- **To do**
In this exercise, copy exactly the lines from the one that contains "SLOUCHY STRIPE TOP" through the end of the entries below; pictures are not copied.
━━━━━━
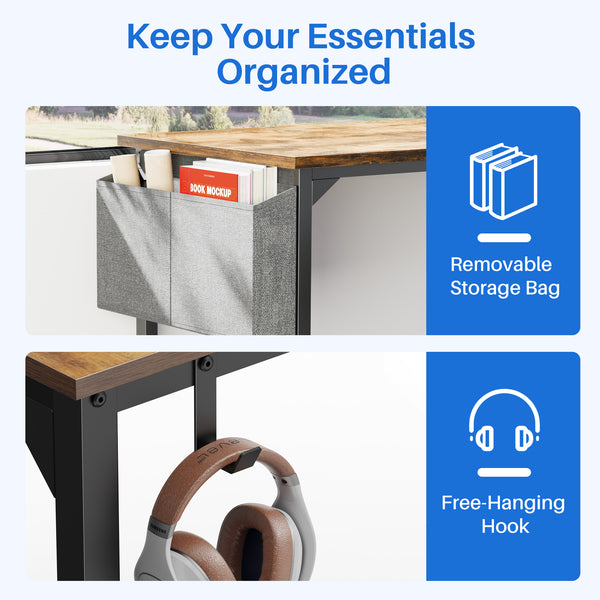CONCETTA Computer Desk, Simple Writing Desk for Home Office, Small Gaming Desk for Bedroom, Compact Office Desk Table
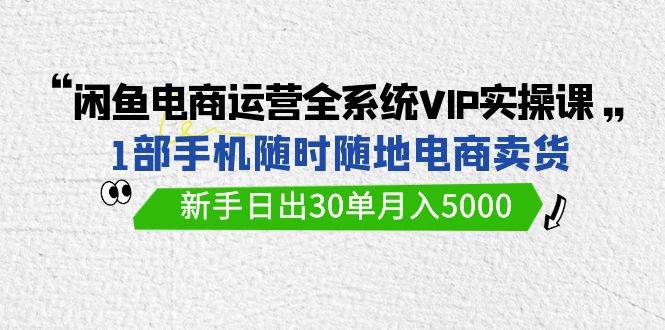 闲鱼电商运营全系统VIP实战课，1部手机随时随地卖货，新手日出30单月入5000-创途网
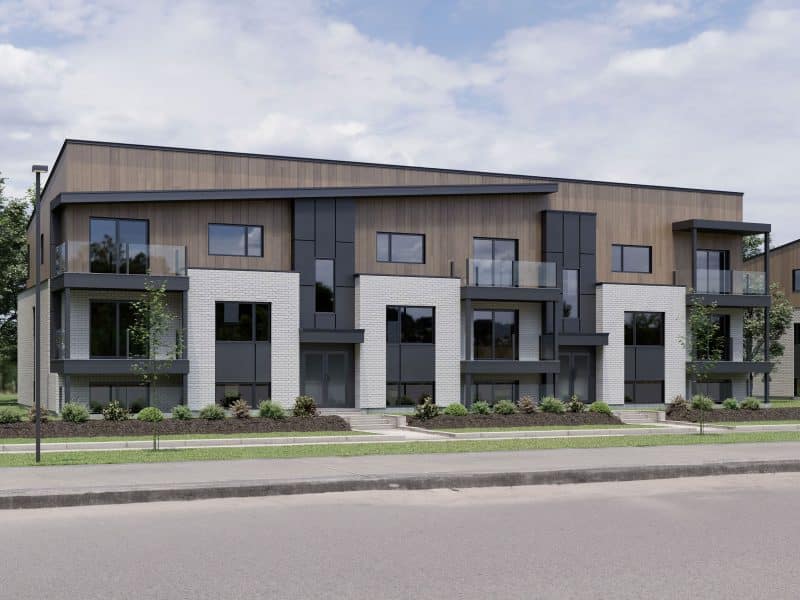 Modèle de multilogement nommé Vinkel-9, des logements qui ont un style contemporain. Vue de l'extérieur.
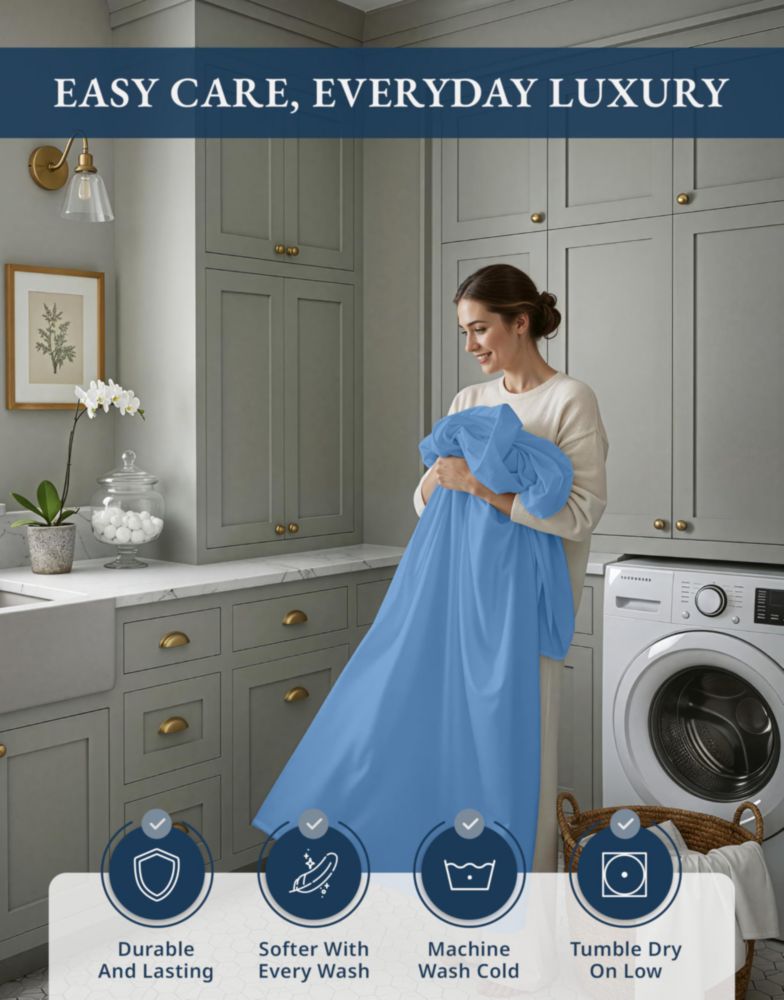 Juego de sábanas LANE LINEN Queen de algodón egipcio satén azul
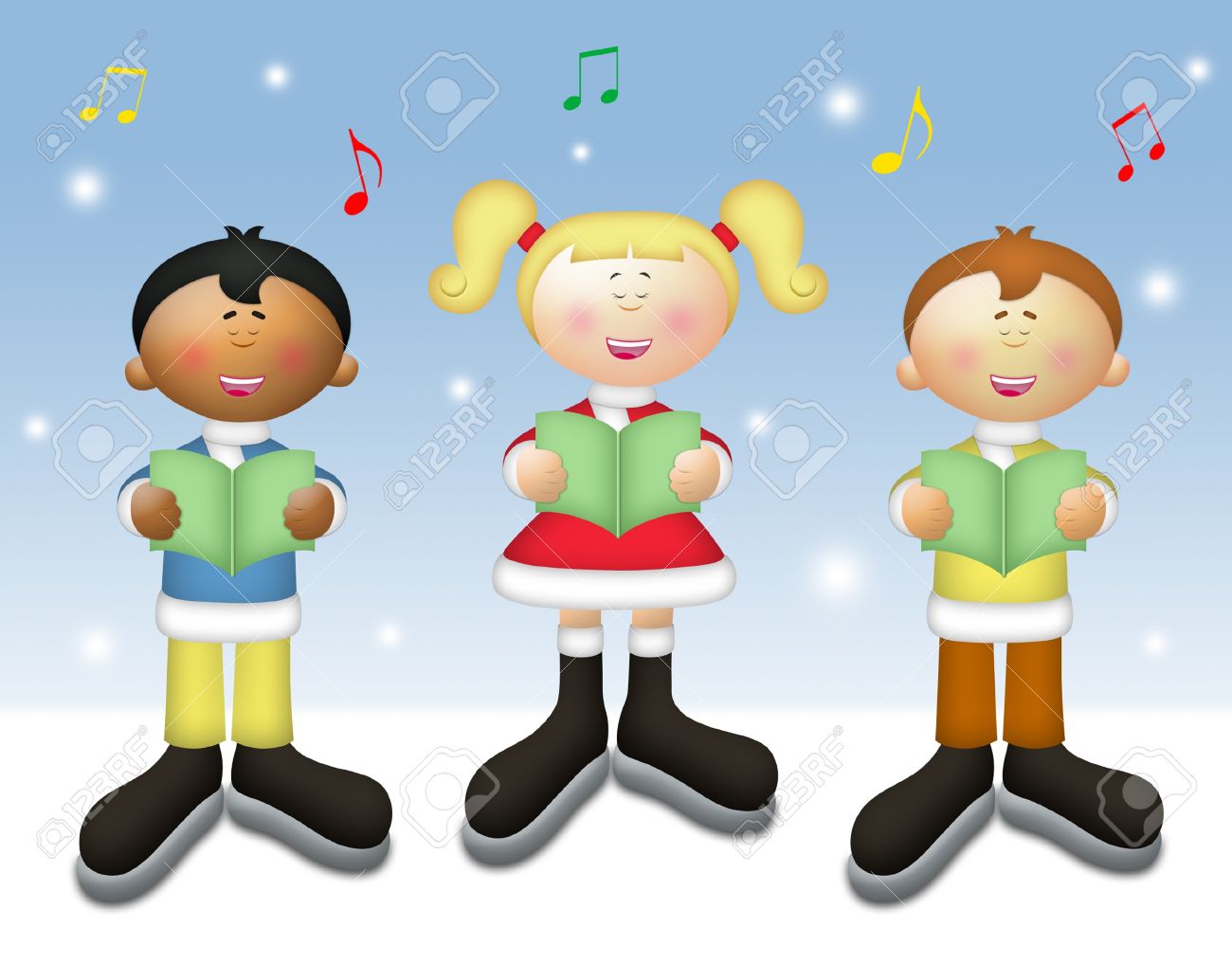 Three kids singing Christmas carols in winter setting. - 8365527 Three kids singing Christmas carols in winter setting. - 8365527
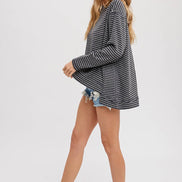 CREWNECK  SLOUCHY STRIPE TOP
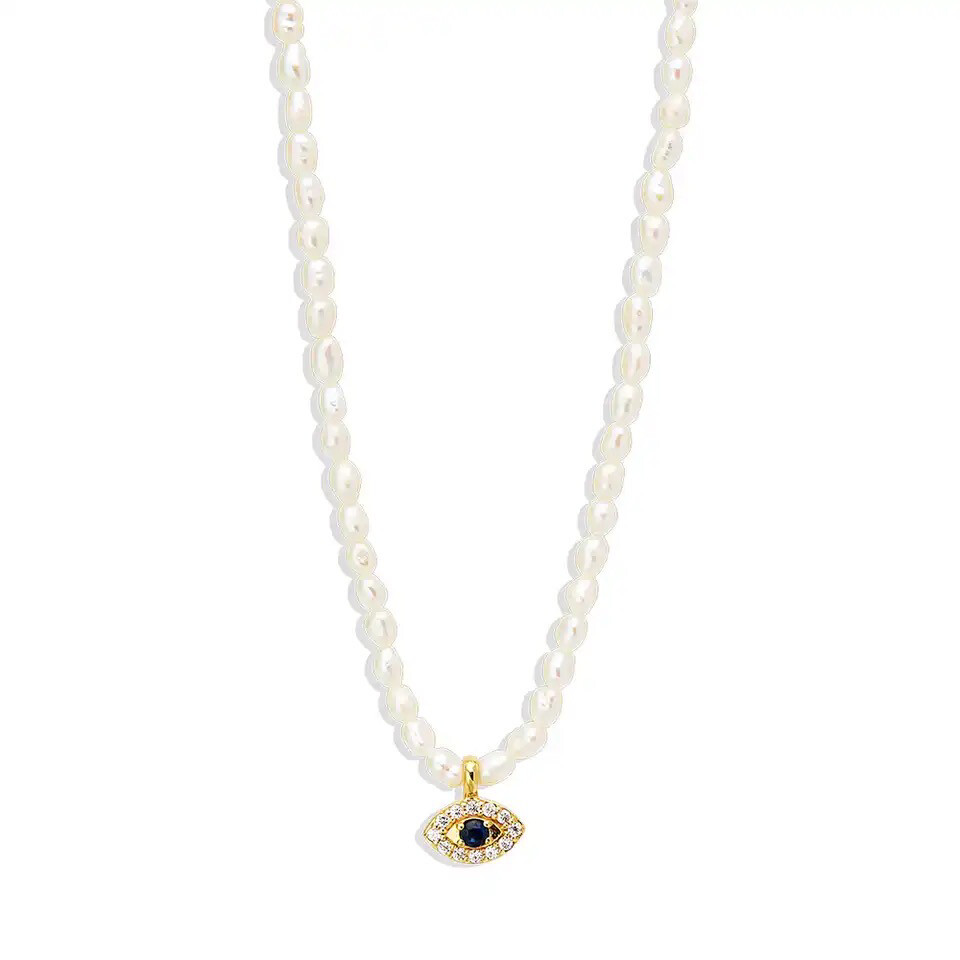 Thalatta Pearl Necklace | Gold Plated | Zircon Gemstones | Silver 925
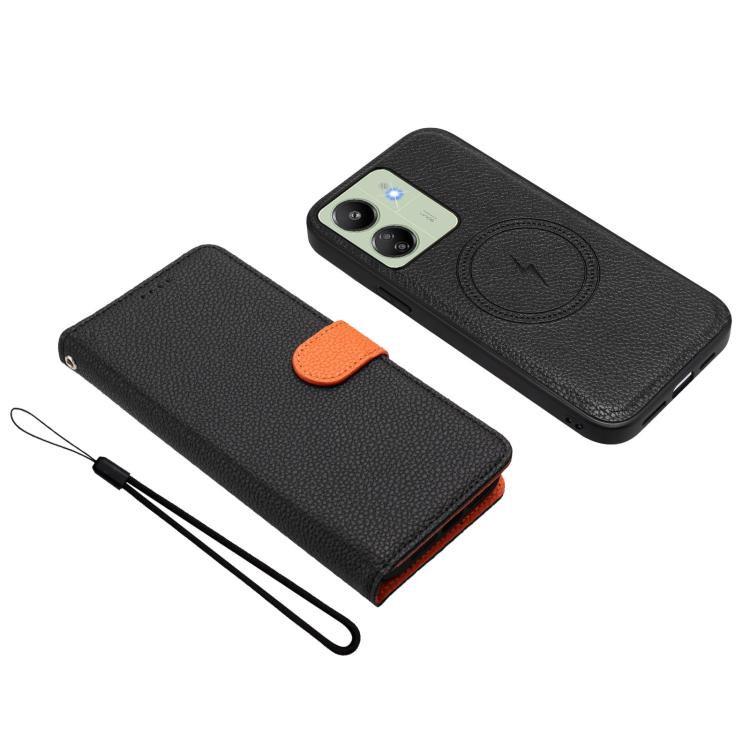 For Redmi 13C Global / Poco C65 / M6 5G Detachable Litchi Texture Magnetic Vegan Leather Phone Case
━━━━━━
- **Solution for this task**
 CREWNECK  SLOUCHY STRIPE TOP
 Thalatta Pearl Necklace | Gold Plated | Zircon Gemstones | Silver 925
 For Redmi 13C Global / Poco C65 / M6 5G Detachable Litchi Texture Magnetic Vegan Leather Phone Case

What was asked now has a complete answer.